**Exercise prompt**
For this exercise, copy exactly the lines below from the one with "Budapest - 17" through the one with "Precision Plumbing box" and leave out the pictures.

**Record extracts**

»»

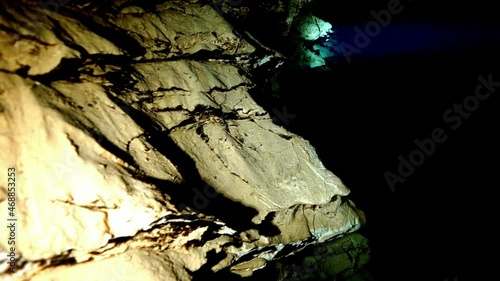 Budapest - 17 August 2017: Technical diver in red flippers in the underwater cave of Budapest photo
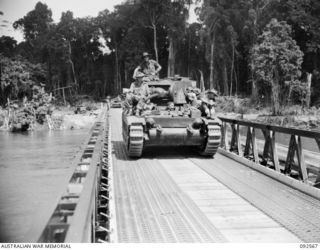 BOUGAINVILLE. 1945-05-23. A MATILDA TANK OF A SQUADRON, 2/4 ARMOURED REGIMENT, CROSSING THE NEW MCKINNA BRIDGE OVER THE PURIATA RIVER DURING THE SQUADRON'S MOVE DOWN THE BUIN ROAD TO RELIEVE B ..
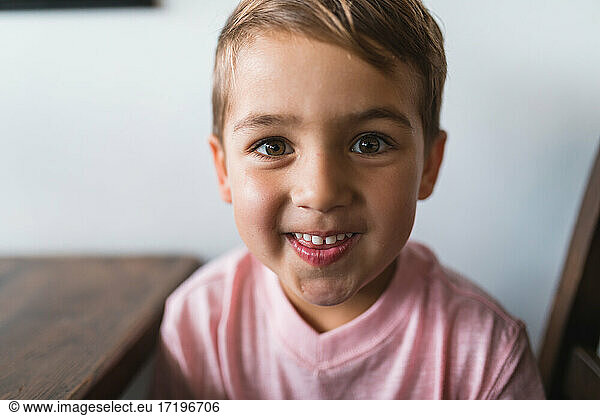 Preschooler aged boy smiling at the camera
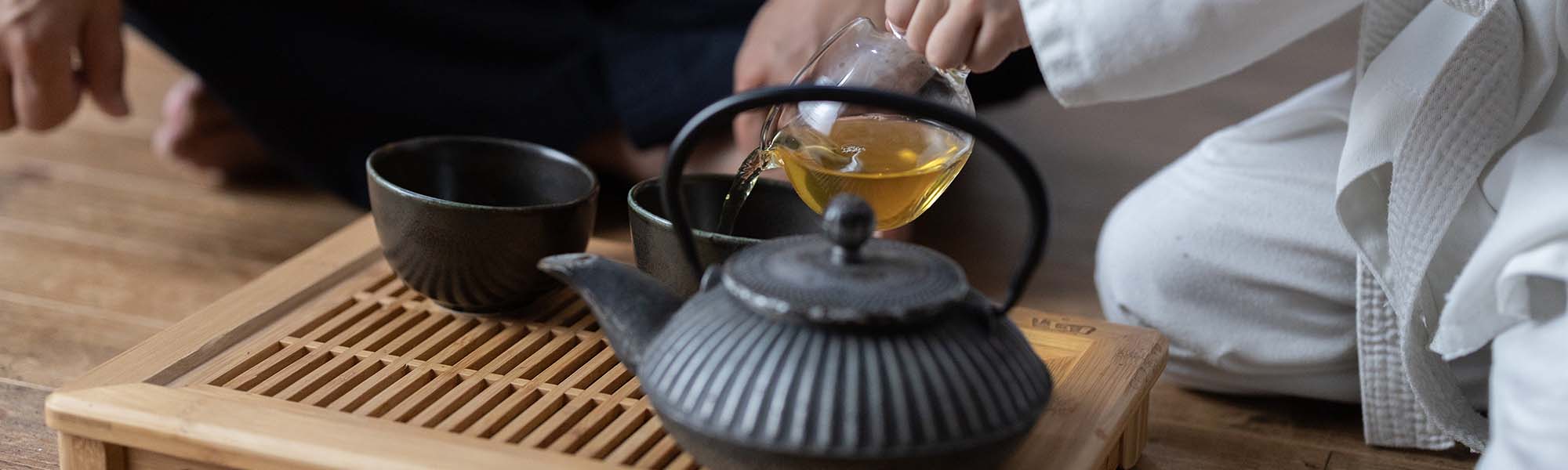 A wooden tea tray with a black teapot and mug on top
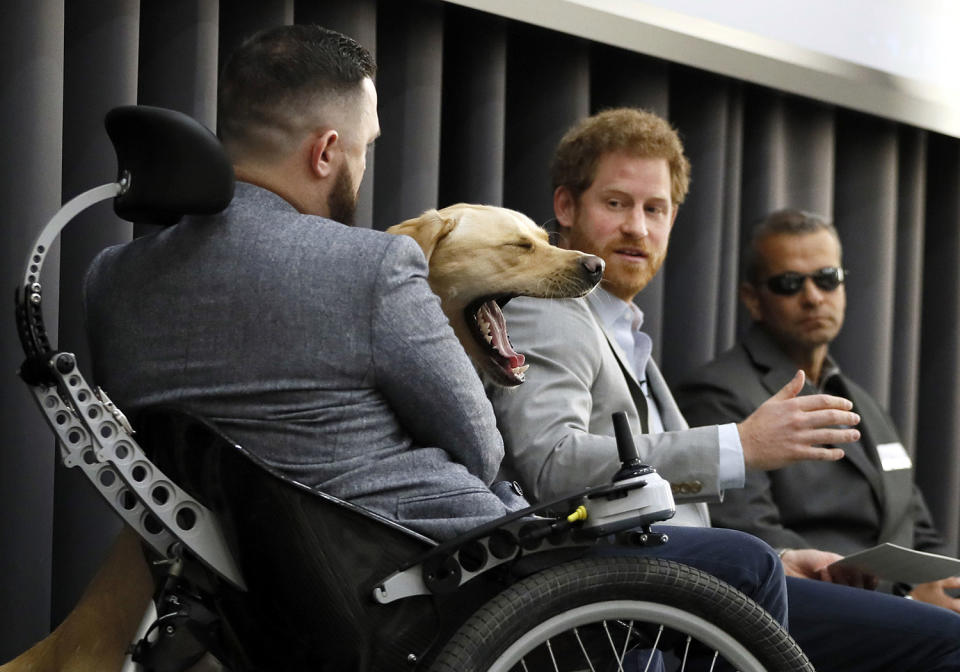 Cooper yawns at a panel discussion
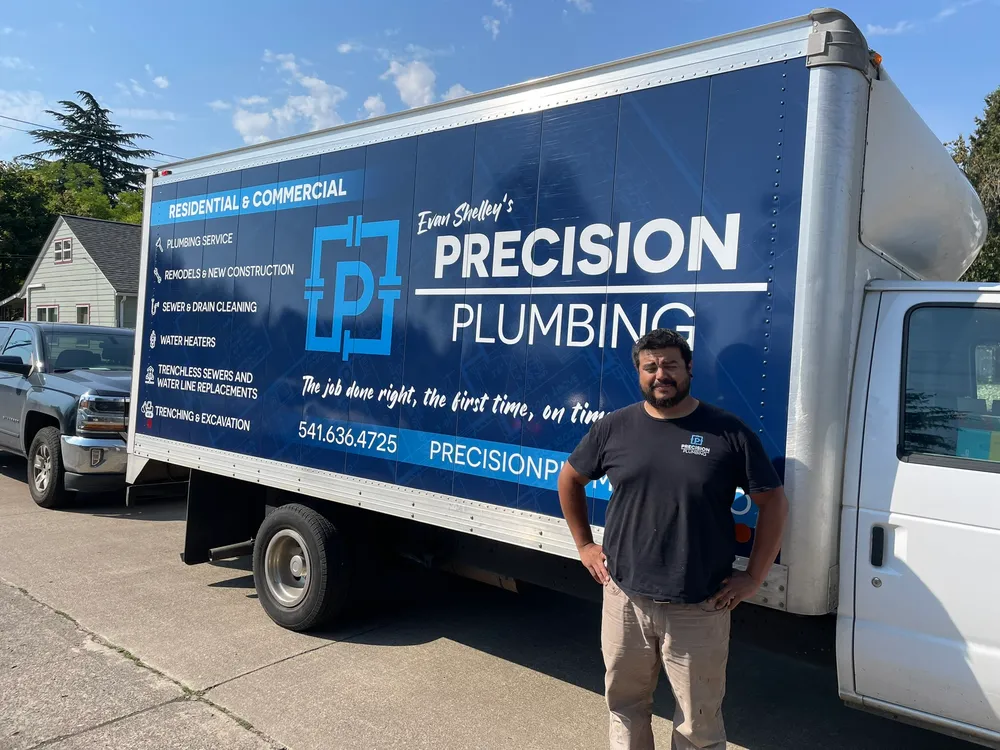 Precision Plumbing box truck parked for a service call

««
»»

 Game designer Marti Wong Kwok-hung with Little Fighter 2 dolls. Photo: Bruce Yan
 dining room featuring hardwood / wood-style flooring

««
»»

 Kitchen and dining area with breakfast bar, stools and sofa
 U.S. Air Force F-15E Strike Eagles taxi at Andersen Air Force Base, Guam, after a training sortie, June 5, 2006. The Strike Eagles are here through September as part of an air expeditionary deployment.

««

**Solution**
 Budapest - 17 August 2017: Technical diver in red flippers in the underwater cave of Budapest photo
 BOUGAINVILLE. 1945-05-23. A MATILDA TANK OF A SQUADRON, 2/4 ARMOURED REGIMENT, CROSSING THE NEW MCKINNA BRIDGE OVER THE PURIATA RIVER DURING THE SQUADRON'S MOVE DOWN THE BUIN ROAD TO RELIEVE B ..
 Preschooler aged boy smiling at the camera
 A wooden tea tray with a black teapot and mug on top
 Cooper yawns at a panel discussion
 Precision Plumbing box truck parked for a service call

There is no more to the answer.